Yields on British government bonds fell across the board, with the yield on the benchmark 10-year government bond dropping by almost 3 basis points. Meanwhile, the British pound pared its previous gains and rose 0.18% against the US dollar.
Thursday’s meeting was the last before the fall budget proposal later this month. Economists said they thought the central bank was likely to keep interest rates on hold, but said it was not a given.
“It’s not a question of whether they’re going to cut rates at some point. The answer is yes. We believe they will,” Dean Turner, head of eurozone and UK economist at UBS Global Wealth Management’s Chief Investment Office, said on Tuesday. “If policy tightens, inflation falls and growth is lackluster, interest rates will fall. The challenge is predicting the timing,” he added.
cut is coming
The general consensus is that rate setters could cut rates as early as December, and again into next year in response to expected cooling in inflation (inflation was 3.8% in September, unchanged for the third straight month) and softer labor market data.

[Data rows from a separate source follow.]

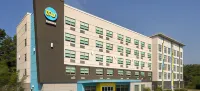 Tru by Hilton Charlotte Airport Lake Pointe Hotels near Billy Graham Library
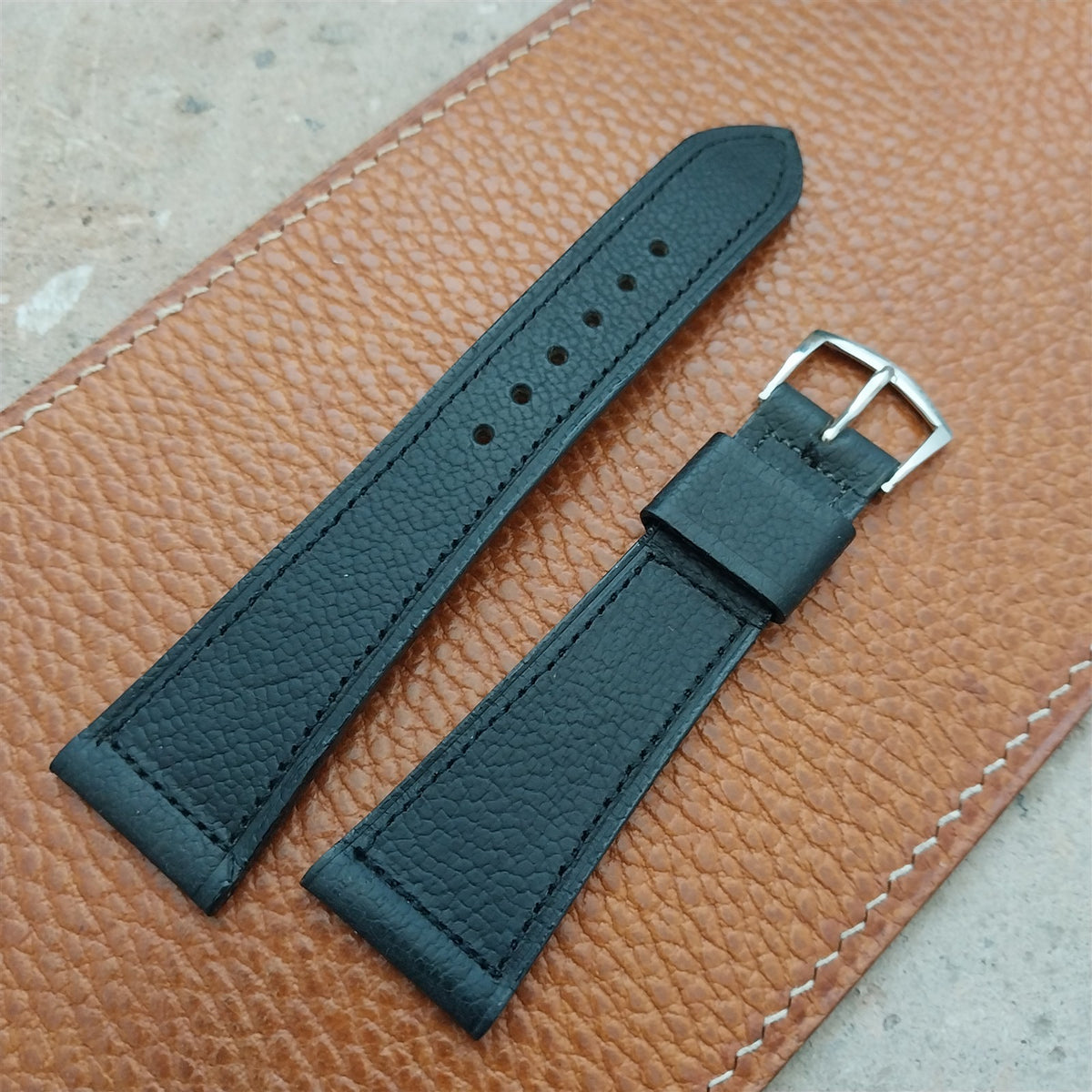 22mm Speidel USA Saddle Tapered Single-Keeper Unused 1970s Vintage Watch Band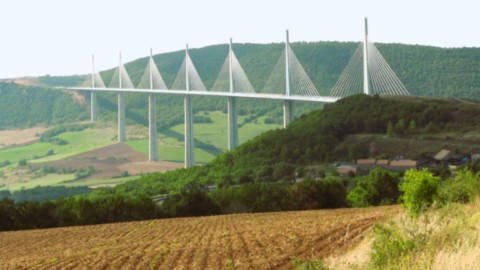 Le viaduc de Millau entier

Most MPC members are more concerned about the impact of cutting rates too soon rather than too late, and the BOE will want to see data and evidence of continued downward expectations for wage growth to slow to a pace consistent with its target before voting to cut rates again, Oxford Economics said in its analysis.
“If we are right and the BoE pauses (this week), the question will be when the next rate cut will occur,” Alan Monks, chief UK economist at JPMorgan, said in a note.
“We have argued that further downside surprises in inflation and labor market data will dictate that. For example, the rise in the unemployment rate to 4.9% in September could be significant, as well as further modest sequential increases in core CPI services and private pay.”
autumn budget
The fact that this month’s central bank meeting was held ahead of the fall budget proposal on November 26 gave BOE policymakers another reason to pause.
Rachel Reeves, the Chancellor of the Exchequer, is widely expected to announce tax increases to fill a fiscal black hole estimated at between 20 billion and 50 billion pounds ($20 billion to $65.2 billion), based on assumptions such as lower productivity, debt repayments and the cost of a U-turn in welfare spending cuts, among other things.
Earlier this week, Reeves clearly signaled that tax increases were coming and that he would consider raising income taxes as one way to raise revenue, but he did not provide further details. Tax increases are likely to reduce consumer demand and serve to further suppress inflation.

“The inclusion of an income tax hike (in the budget) would further weigh on real household incomes from high inflation and slowing wage growth,” Berenberg economist Andrew Wishart said in a note Friday. “Inflation is likely to moderate as these factors weigh on demand.”
“That would allow the Bank of England to cut interest rates by 25 basis points to 3.50% at least twice next year. Bringing forward fiscal tightening would open the door to a third rate cut to 3.25% in 2026,” he added.